Elle instituait un enseignement primaire laïque et neutre sous le contrôle de l'Etat. Soustrayant l'école tout ensemble à l'intervention du pouvoir communal et à celle de l'autorité (page 233) religieuse, elle rompait donc doublement en visière avec le programme catholique de décentralisation politique et de coopération avec l'Eglise. Chaque commune devrait posséder au moins une école officielle, et il lui était interdit d'adopter ou de subventionner à sa place une école libre. Quant aux instituteurs, ils seraient tous formés dans les écoles normales de l'Etat, condition indispensable de leur aptitude pédagogique et de leur attachement aux institutions nationales. Afin d'éviter le reproche d'impiété, la loi autorisait les ministres des cultes à faire, en dehors des heures de classe, des leçons facultatives d'instruction confessionnelle.

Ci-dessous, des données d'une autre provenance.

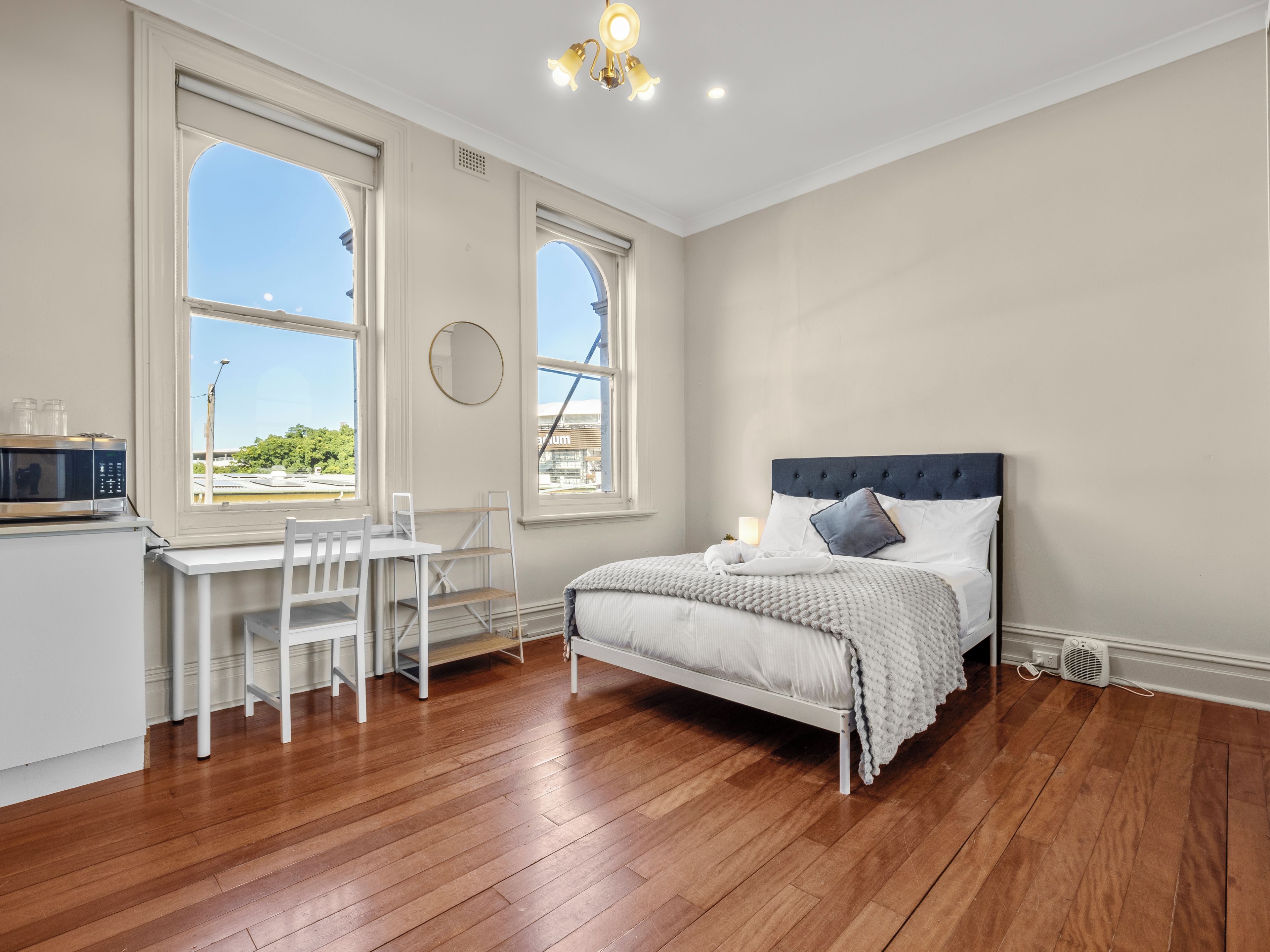 A bedroom with a bed, a desk, and a chair.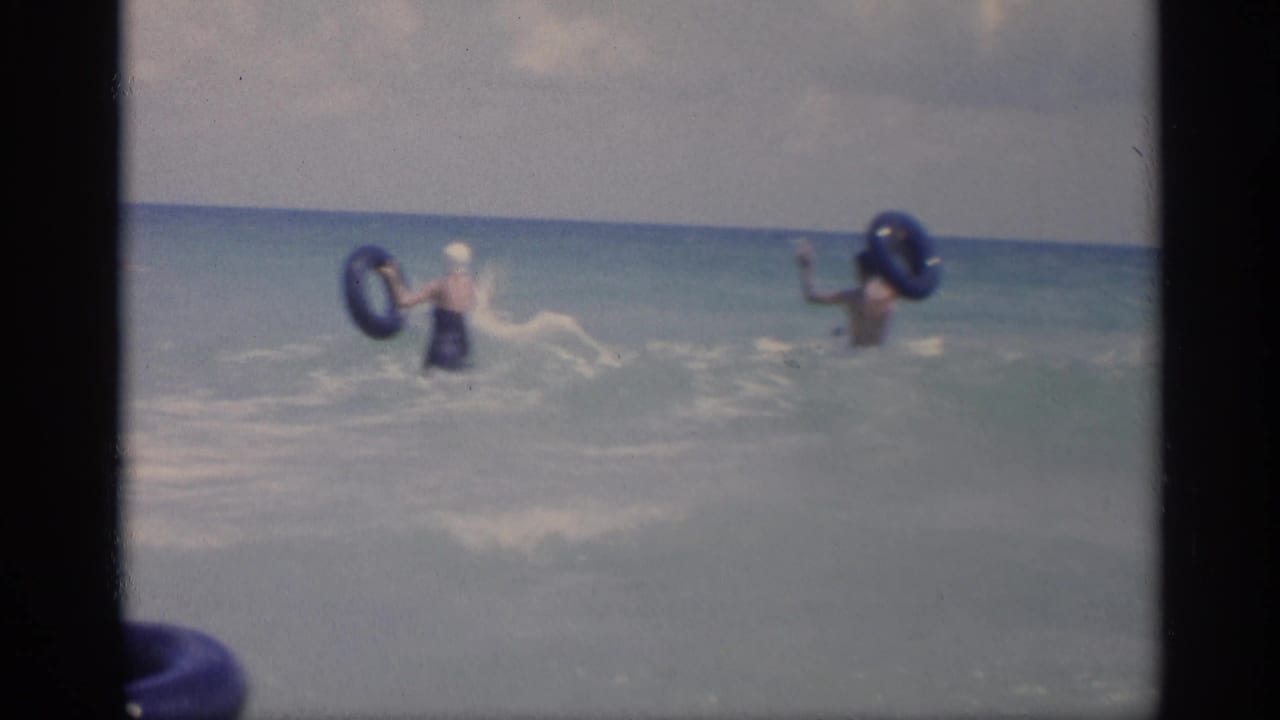 Adults play in ocean waves with blue inflatable rings.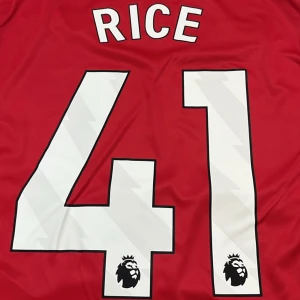 Arsenal fotbollströja Rice 41 Adidas - Snygg Arsenal fotbollströja från Adidas med Rice och nummer 41 på ryggen och en till med Gyökeres . Framsidan har Emirates Fly Better-tryck och klubbens klassiska kanonlogga. Tröjan är vit framtill med subtilt mönster och röda detaljer, ryggen är röd med stora vita siffror. Tillverkad i lätt och ventilerande material.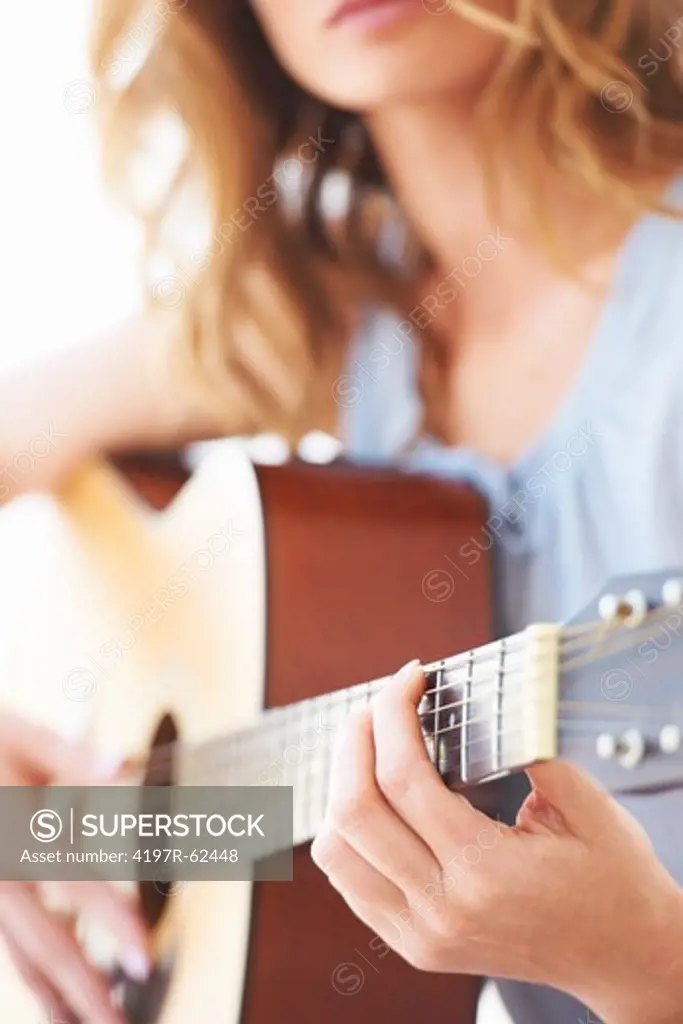 Cropped view of a young woman playing her guitar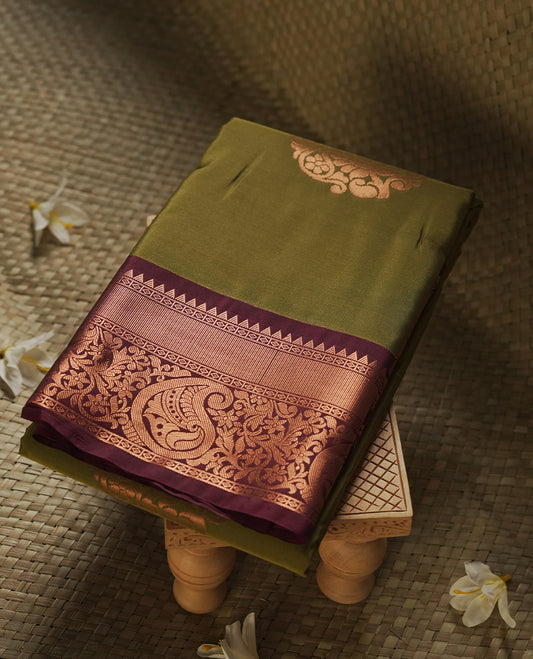 Mehandi colour Semi Silk Saree with copper zari stripes on the body, paired with a contrast dark brown colour pallu with copper zari traditioal border, and a matching blouse piece.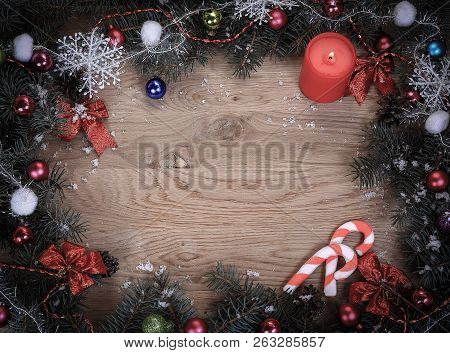 Christmas Wreath With A Congratulatory Inscription On A Wooden
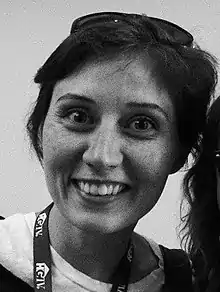 A candid grayscale portrait photo of a white woman; she is facing and smiling into the camera, and has a pair of spectacles resting on her short, dark hair.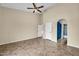 Spacious bedroom featuring tile floors, a ceiling fan, and two closets with potential access to a bathroom at 2094 N Sweetwater Dr, Casa Grande, AZ 85122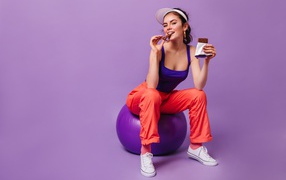 Girl with chocolate bar sitting on fitball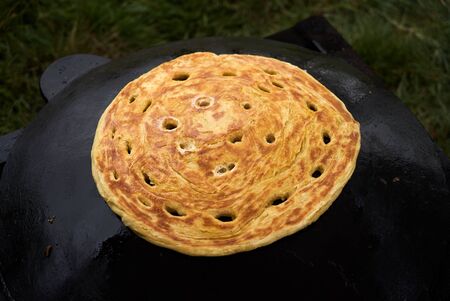 Pita bread baking on a saj or tava on fire, close-up. Traditional arabic pita bread cooking on fire. Preparing or making borekの写真素材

Pour réussir, une réforme aussi profonde aurait dû pouvoir compter sur l'appui de la nation, et c'est tout au plus si elle pouvait compter sur celui des libéraux. Manifestement le ministère se croyait de force à imposer à tous ce que quelques-uns seulement souhaitaient. Il ne songeait qu'au pays légal, le confondant avec l'ensemble du pays, comme si la question de l'enseignement n'intéressait que les seuls électeurs et qu'il n'y eût pas à tenir compte des scrupules de conscience de la masse. Pour la première fois le gouvernement censitaire allait soulever contre lui l'opposition du peuple et engager dans une voie « pleine d'obstacles et de périls » (E. de Laveleye, dans la Revue de Belgique, 1883, p. 322) le régime même qui lui avait donné le pouvoir. Il oubliait que la bourgeoisie anticléricale qui le soutenait ne représentait qu'une minorité au sein de la nation, qu'en dehors d'elle la foi ou du moins la tradition catholique restaient puissantes, que le prestige de l'Eglise demeurait intact non seulement dans une grande partie de la population urbaine mais presque sans exception dans les campagnes, dans les campagnes flamandes surtout, et que s'en prendre à lui, c'était « toucher à la chair qui tient aux ongles » (Paroles de Morillon à propos du duc d'Albe, Pirenne, Histoire de Belgique, t. IV, 2ème édition, p. 21.).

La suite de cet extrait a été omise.